Web page caption snippets:
***
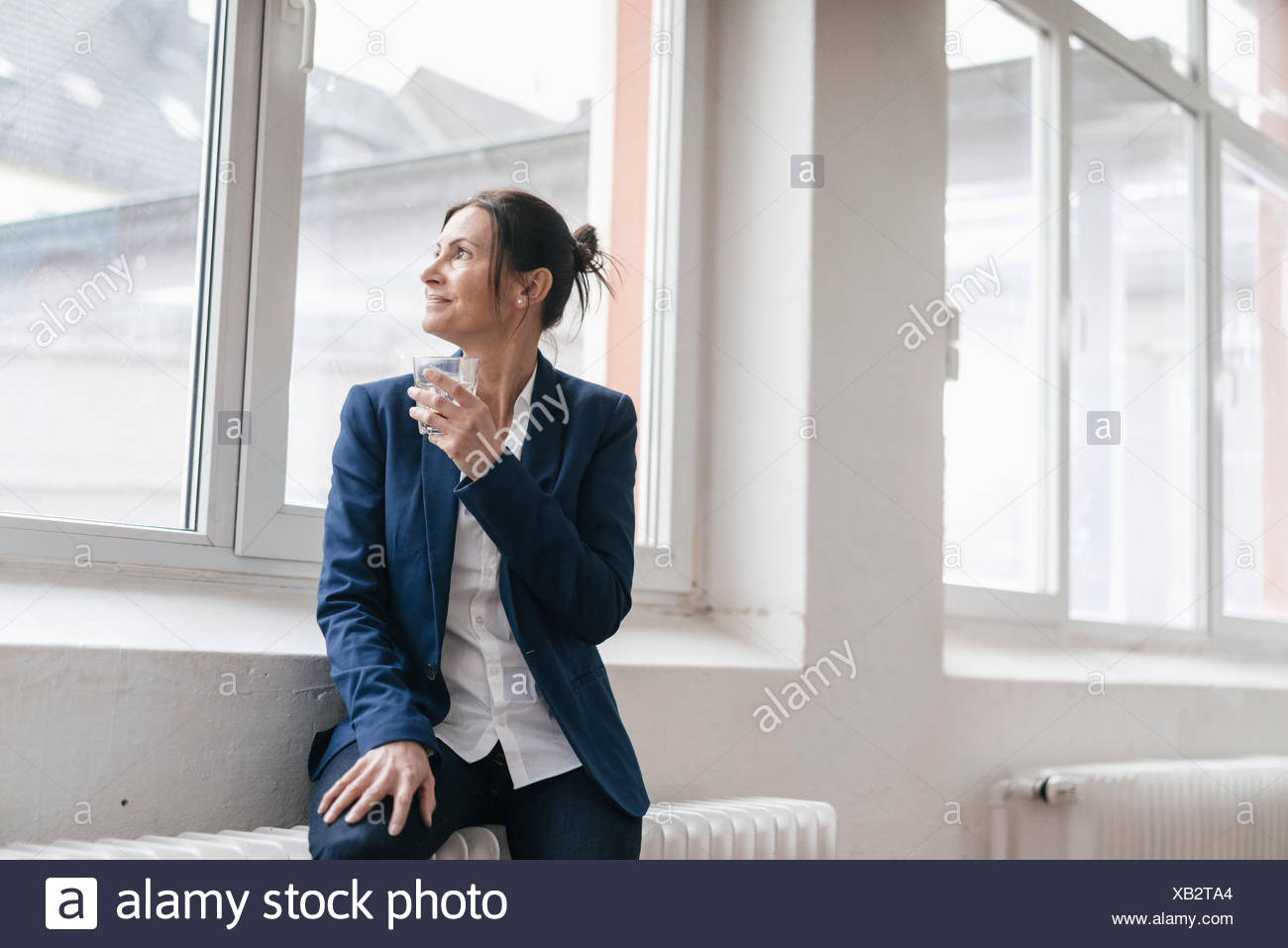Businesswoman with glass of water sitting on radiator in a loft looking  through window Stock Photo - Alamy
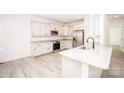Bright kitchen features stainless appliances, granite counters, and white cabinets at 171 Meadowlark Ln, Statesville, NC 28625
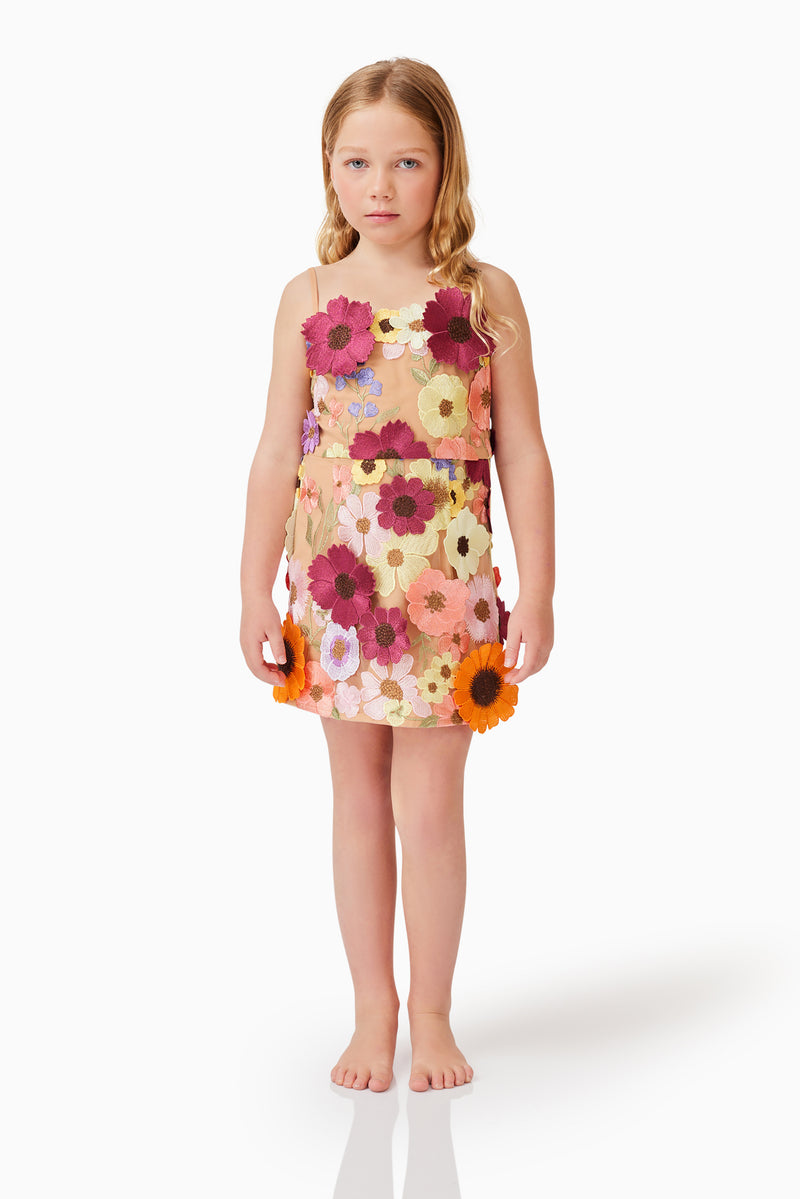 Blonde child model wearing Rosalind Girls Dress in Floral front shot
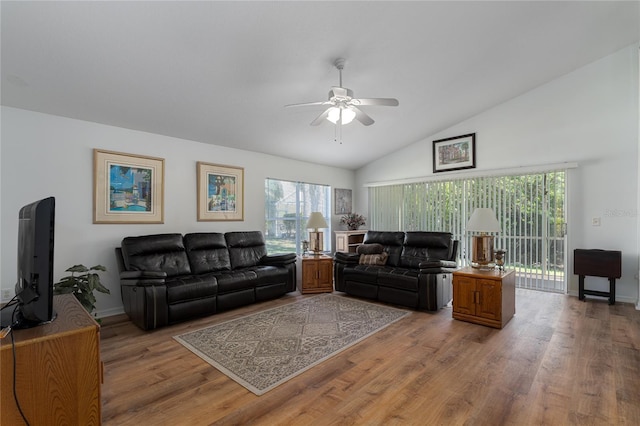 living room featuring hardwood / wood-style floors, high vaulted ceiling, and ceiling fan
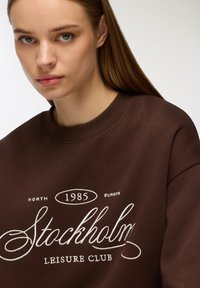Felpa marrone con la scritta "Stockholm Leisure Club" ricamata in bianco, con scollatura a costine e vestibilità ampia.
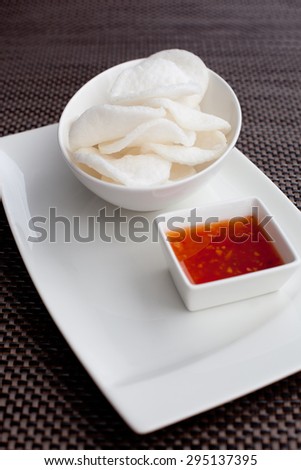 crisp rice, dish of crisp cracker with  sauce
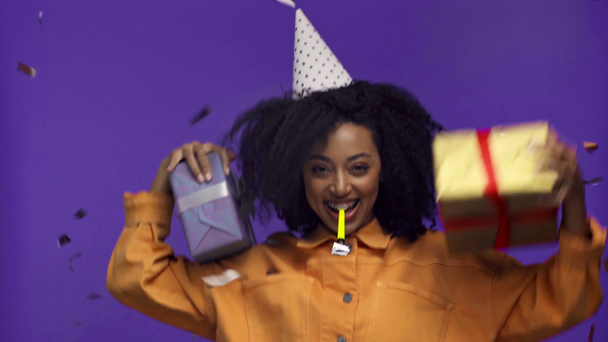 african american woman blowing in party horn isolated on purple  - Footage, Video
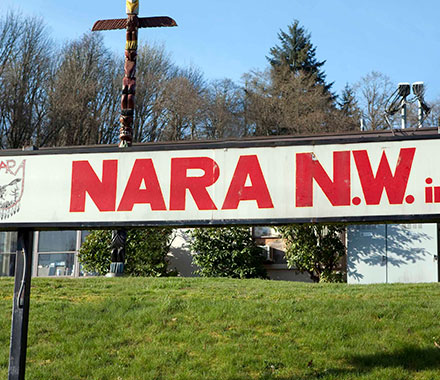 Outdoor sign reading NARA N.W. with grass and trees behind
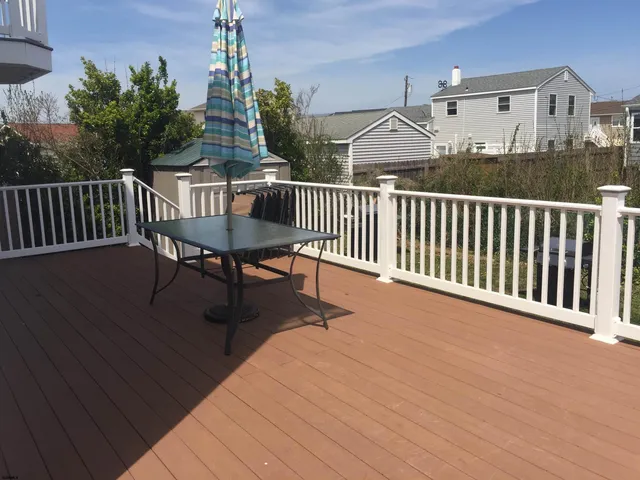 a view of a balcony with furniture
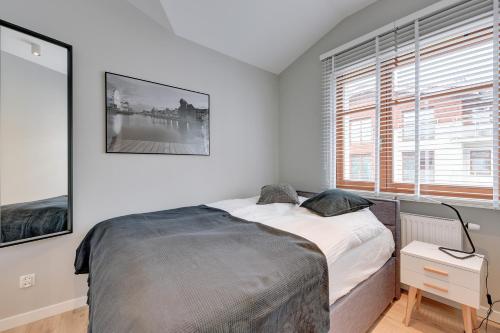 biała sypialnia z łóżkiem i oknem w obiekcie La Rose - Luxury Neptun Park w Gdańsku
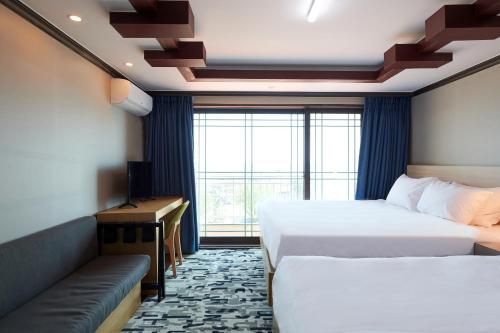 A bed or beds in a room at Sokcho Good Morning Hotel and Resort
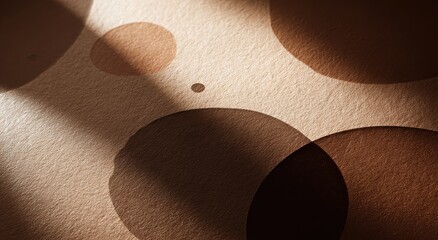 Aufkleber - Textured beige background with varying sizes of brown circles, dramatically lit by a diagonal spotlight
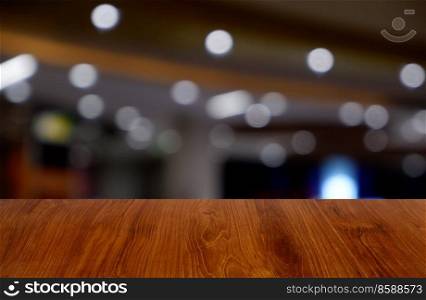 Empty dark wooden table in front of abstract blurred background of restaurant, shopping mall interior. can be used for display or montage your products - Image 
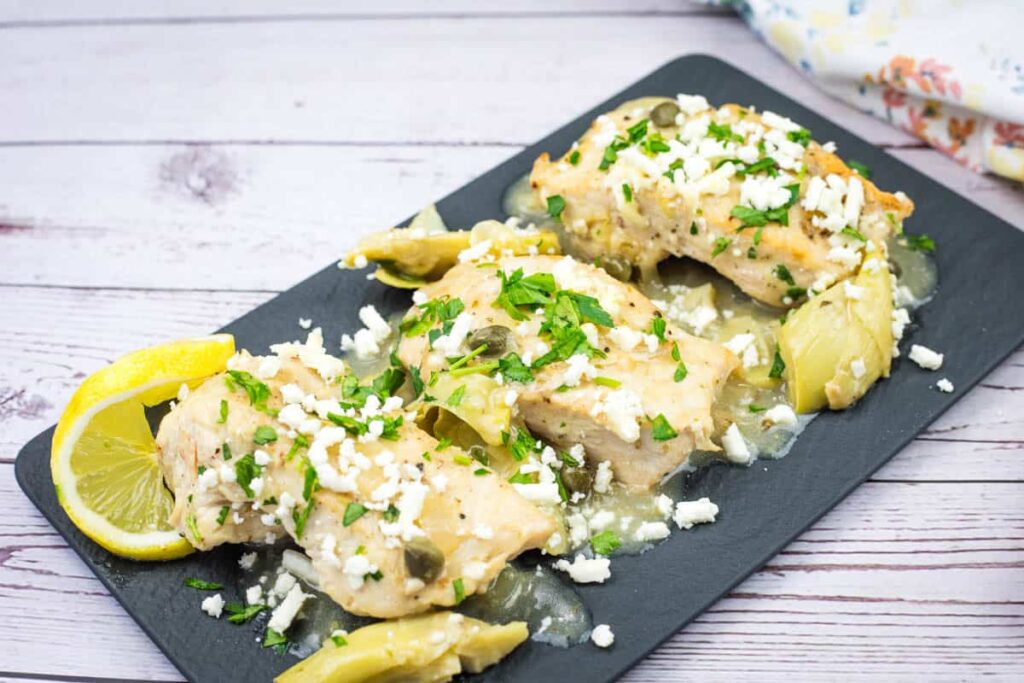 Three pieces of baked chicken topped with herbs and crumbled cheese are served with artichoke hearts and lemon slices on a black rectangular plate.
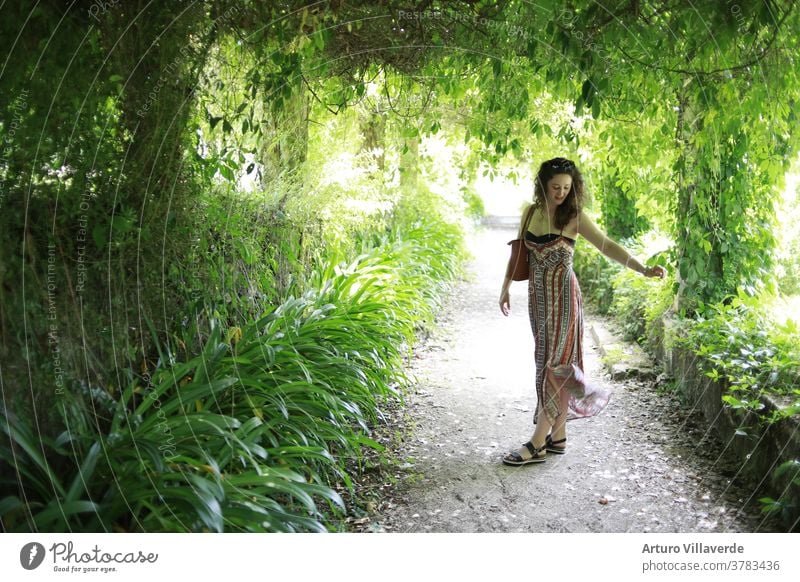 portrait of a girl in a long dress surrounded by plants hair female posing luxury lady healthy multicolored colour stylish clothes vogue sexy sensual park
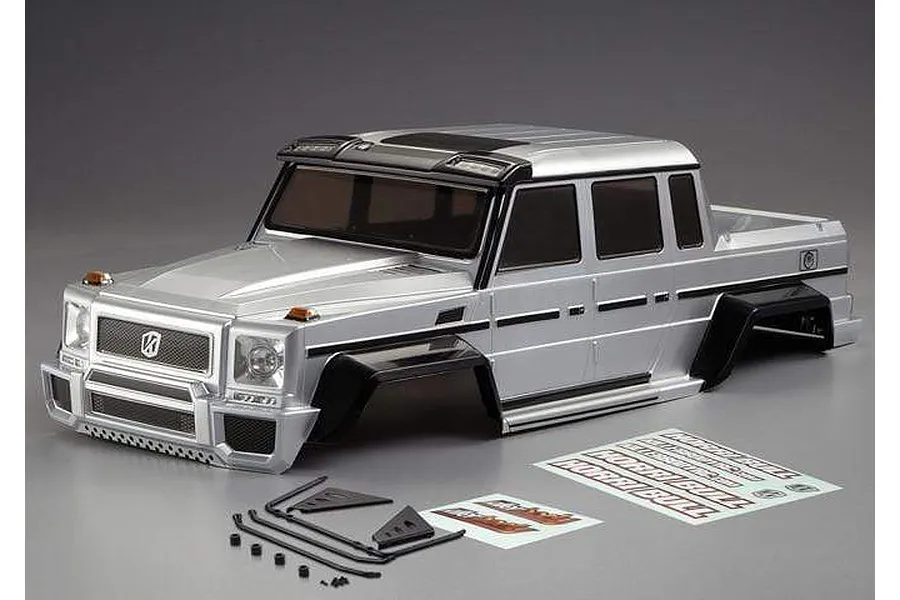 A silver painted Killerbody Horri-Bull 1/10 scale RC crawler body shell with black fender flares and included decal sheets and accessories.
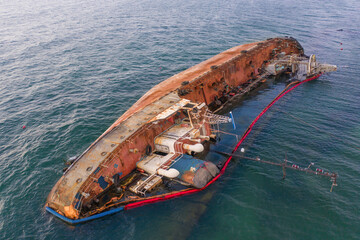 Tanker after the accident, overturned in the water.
***
Leave out the pictures, then give all the records again exactly.

Businesswoman with glass of water sitting on radiator in a loft looking  through window Stock Photo - Alamy
Bright kitchen features stainless appliances, granite counters, and white cabinets at 171 Meadowlark Ln, Statesville, NC 28625
 Blonde child model wearing Rosalind Girls Dress in Floral front shot
 living room featuring hardwood / wood-style floors, high vaulted ceiling, and ceiling fan
Felpa marrone con la scritta "Stockholm Leisure Club" ricamata in bianco, con scollatura a costine e vestibilità ampia.
 crisp rice, dish of crisp cracker with  sauce
 african american woman blowing in party horn isolated on purple  - Footage, Video
 Outdoor sign reading NARA N.W. with grass and trees behind
 a view of a balcony with furniture
 biała sypialnia z łóżkiem i oknem w obiekcie La Rose - Luxury Neptun Park w Gdańsku
 A bed or beds in a room at Sokcho Good Morning Hotel and Resort
 Aufkleber - Textured beige background with varying sizes of brown circles, dramatically lit by a diagonal spotlight
 Empty dark wooden table in front of abstract blurred background of restaurant, shopping mall interior. can be used for display or montage your products - Image 
 Three pieces of baked chicken topped with herbs and crumbled cheese are served with artichoke hearts and lemon slices on a black rectangular plate.
 portrait of a girl in a long dress surrounded by plants hair female posing luxury lady healthy multicolored colour stylish clothes vogue sexy sensual park
 A silver painted Killerbody Horri-Bull 1/10 scale RC crawler body shell with black fender flares and included decal sheets and accessories.
 Tanker after the accident, overturned in the water.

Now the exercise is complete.